What you should do -> The material below contains a line with "Tromsø: Husky Sled" and a line with "Possible hybride Canard". Copy exactly those two lines and all lines between them.

Supplied material Start Marker

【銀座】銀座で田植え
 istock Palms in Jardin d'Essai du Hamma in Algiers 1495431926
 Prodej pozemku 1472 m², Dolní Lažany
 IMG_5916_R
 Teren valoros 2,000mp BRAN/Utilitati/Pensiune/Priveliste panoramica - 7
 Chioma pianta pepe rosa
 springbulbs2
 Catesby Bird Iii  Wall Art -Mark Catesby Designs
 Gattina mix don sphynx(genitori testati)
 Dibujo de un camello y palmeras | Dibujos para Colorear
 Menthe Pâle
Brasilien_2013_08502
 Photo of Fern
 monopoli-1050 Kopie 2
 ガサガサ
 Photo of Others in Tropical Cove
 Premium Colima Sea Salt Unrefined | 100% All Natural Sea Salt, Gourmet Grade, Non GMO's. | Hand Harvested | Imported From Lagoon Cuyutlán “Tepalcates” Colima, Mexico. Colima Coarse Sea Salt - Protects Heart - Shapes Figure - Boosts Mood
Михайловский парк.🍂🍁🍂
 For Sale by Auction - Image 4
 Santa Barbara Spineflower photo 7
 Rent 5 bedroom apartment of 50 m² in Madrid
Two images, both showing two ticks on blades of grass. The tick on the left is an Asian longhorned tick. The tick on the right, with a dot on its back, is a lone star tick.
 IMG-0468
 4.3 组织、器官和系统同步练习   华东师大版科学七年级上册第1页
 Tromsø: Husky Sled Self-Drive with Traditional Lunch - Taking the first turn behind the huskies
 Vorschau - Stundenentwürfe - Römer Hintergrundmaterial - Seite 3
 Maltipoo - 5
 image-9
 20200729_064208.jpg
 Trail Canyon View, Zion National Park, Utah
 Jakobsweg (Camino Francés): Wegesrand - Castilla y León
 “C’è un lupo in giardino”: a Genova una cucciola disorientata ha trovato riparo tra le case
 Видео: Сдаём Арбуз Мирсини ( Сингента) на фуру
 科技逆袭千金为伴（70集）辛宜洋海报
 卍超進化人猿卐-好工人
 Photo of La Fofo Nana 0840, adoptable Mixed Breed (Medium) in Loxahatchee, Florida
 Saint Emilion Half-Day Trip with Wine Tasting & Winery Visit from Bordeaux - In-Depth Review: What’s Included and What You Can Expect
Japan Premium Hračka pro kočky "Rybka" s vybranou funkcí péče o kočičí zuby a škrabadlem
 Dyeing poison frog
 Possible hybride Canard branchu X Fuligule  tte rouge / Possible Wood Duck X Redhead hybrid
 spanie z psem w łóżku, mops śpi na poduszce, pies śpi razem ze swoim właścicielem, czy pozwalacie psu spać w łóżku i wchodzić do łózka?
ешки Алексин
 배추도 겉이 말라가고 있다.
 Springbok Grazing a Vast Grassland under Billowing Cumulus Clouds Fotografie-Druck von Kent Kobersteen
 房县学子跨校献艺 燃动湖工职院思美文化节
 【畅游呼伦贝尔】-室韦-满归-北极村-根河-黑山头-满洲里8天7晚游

Supplied material End Marker

Exercise result ->
 Tromsø: Husky Sled Self-Drive with Traditional Lunch - Taking the first turn behind the huskies
 Vorschau - Stundenentwürfe - Römer Hintergrundmaterial - Seite 3
 Maltipoo - 5
 image-9
 20200729_064208.jpg
 Trail Canyon View, Zion National Park, Utah
 Jakobsweg (Camino Francés): Wegesrand - Castilla y León
 “C’è un lupo in giardino”: a Genova una cucciola disorientata ha trovato riparo tra le case
 Видео: Сдаём Арбуз Мирсини ( Сингента) на фуру
 科技逆袭千金为伴（70集）辛宜洋海报
 卍超進化人猿卐-好工人
 Photo of La Fofo Nana 0840, adoptable Mixed Breed (Medium) in Loxahatchee, Florida
 Saint Emilion Half-Day Trip with Wine Tasting & Winery Visit from Bordeaux - In-Depth Review: What’s Included and What You Can Expect
Japan Premium Hračka pro kočky "Rybka" s vybranou funkcí péče o kočičí zuby a škrabadlem
 Dyeing poison frog
 Possible hybride Canard branchu X Fuligule  tte rouge / Possible Wood Duck X Redhead hybrid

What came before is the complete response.